2.4.18 fork & defunct child.

From: Keith Whyte (keith_at_media-solutions.ie)
Date: 11/17/03

  • Next message: Jan-Benedict Glaw: "Re: [PATCH] Add lib/parser.c kernel-doc"
    To: linux-kernel@vger.kernel.org
    Date:	Mon, 17 Nov 2003 07:18:44 +0000 (GMT)
    
    

    I'm at a loss to get myself out of this one, folks, i really have tried.
    In desperation i am posting to linux-kernel in the hopes that one of you good
    folks has seen this behaviour before.

    I have a kernel 2.4.18 install, based on a slackware 8.1 system
    This system was installed almost a year ago and within two weeks of being up
    and running, I began to have problems compiling.
    make would fail with the likes of:
    make[3]: *** wait: No child processes. Stop.
    make[3]: *** Waiting for unfinished jobs....
    make[3]: *** wait: No child processes. Stop.
    make[2]: *** [first_rule] Error 2

    i discovered that also, and often, programs like grep echo, cut.. would fork
    and hang. and this was what was spoiling the makes.

    in this case (a kernel compile), the following is from ps axf:

    17785 pts/0 T 0:00 touch /usr/src/linux-2.4.18/include/linux/ip.h
    17786 pts/0 Z 0:00 \_ [touch <defunct>]

    I tried reinstalling everything in /lib and other things but only a clean
    reinstallation would fix it, but the problem kept coming back after a few days.

    To cut a long story short, after many clean reinstallations, hardware changes,
    and me complaining to the isp about what i thought was dodgy hardware, it
    finally seemed to be working reliably. Now, after some 6 months, the problem
    has returned.
    (this machine is located at a remote isp, i have never seen it, this makes it
    dificult to try a new kernel for example, as if it doesn't come up with nic's
    and all, the isp will charge heavily to intervene and fix it.)
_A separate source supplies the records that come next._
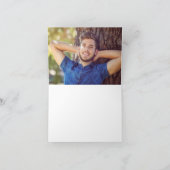 2025モダン年クラス金ゴールドカスタム卒業 サンキューカード (内部)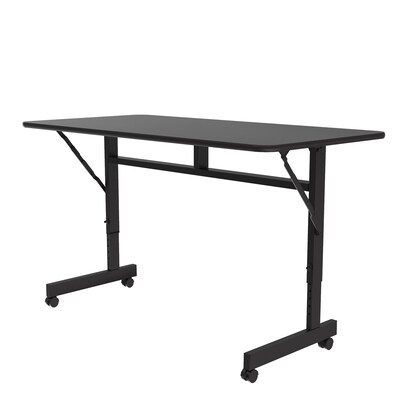 Correll Econoline Flip Top Nesting Table, 24x48, Black Granite (FTM2448TF-07)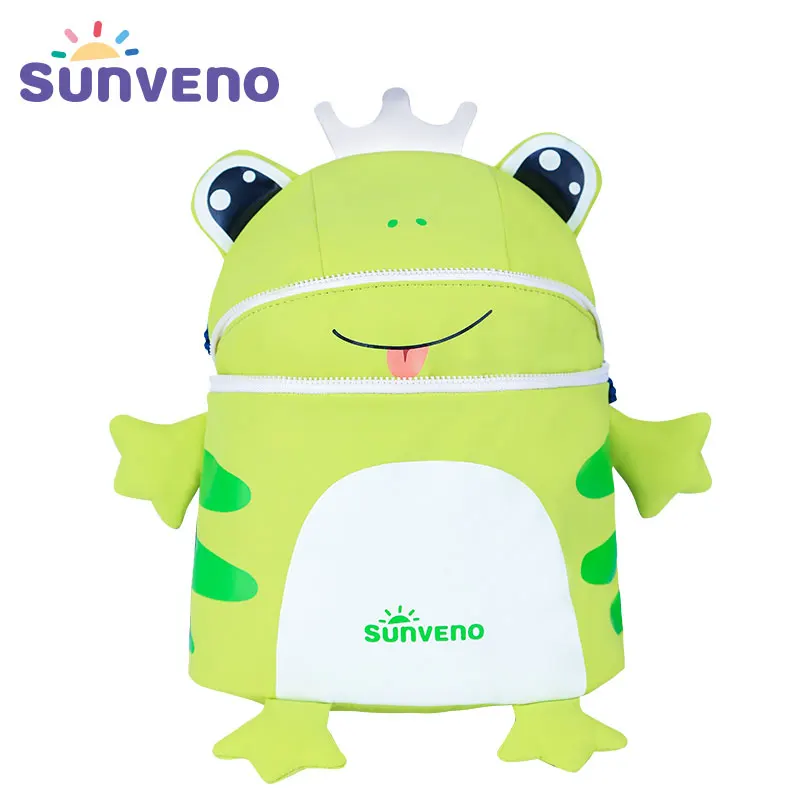 Sunveno анти-потерянный Детский Рюкзак Mochila детские рюкзаки детские ремни безопасности поводок для ребенка рюкзак для прогулок - Цвет: Frog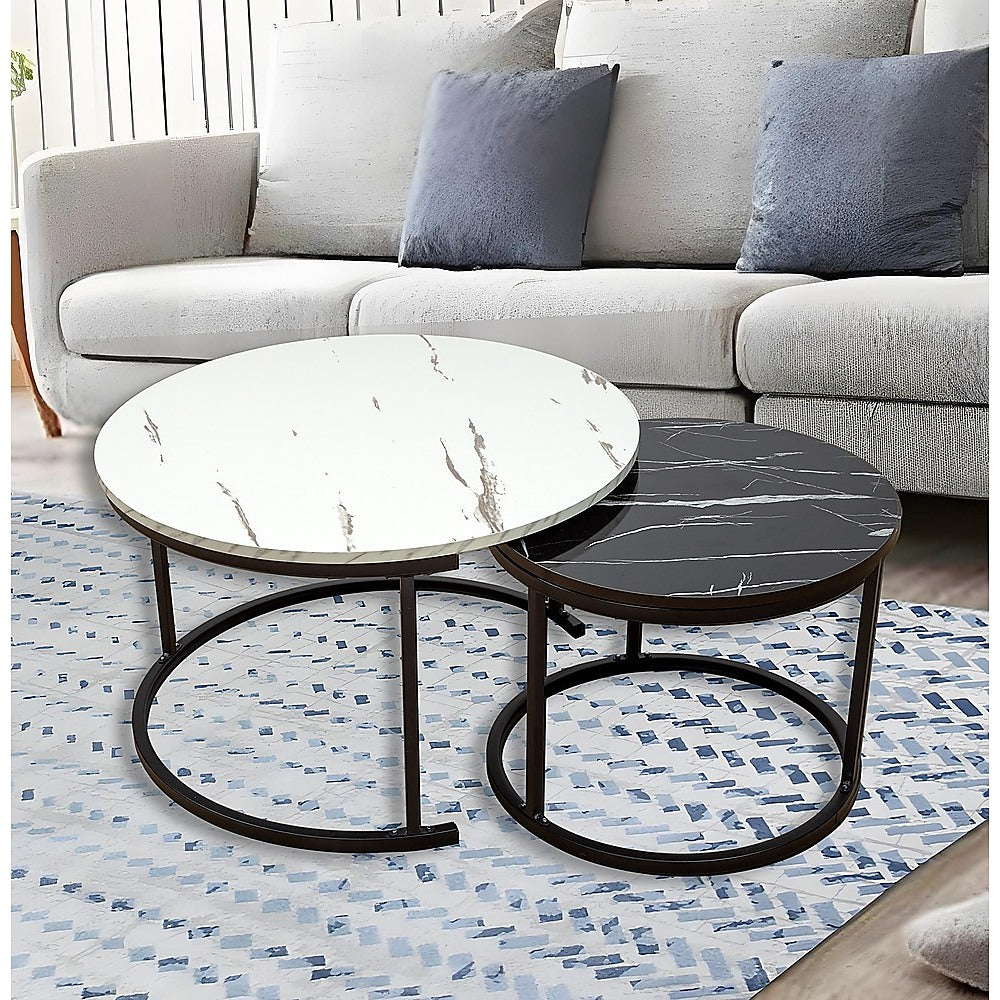 Travis Round Nesting Coffee Table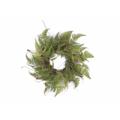 Mixed Fern Polyester Wreath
    This machine is still running the default kernel and modules and libc's from
    slackware 8.1.

    I have made a directory (/sys2), installed some base packages below there, and
    when i chroot /sys2 , I can demonstrate the following:

    (i read about strace not following forks or something on linux and i don't
    understand it fully, but why in one case is it doing these lseek and fork
    operations and in the other it isn't?)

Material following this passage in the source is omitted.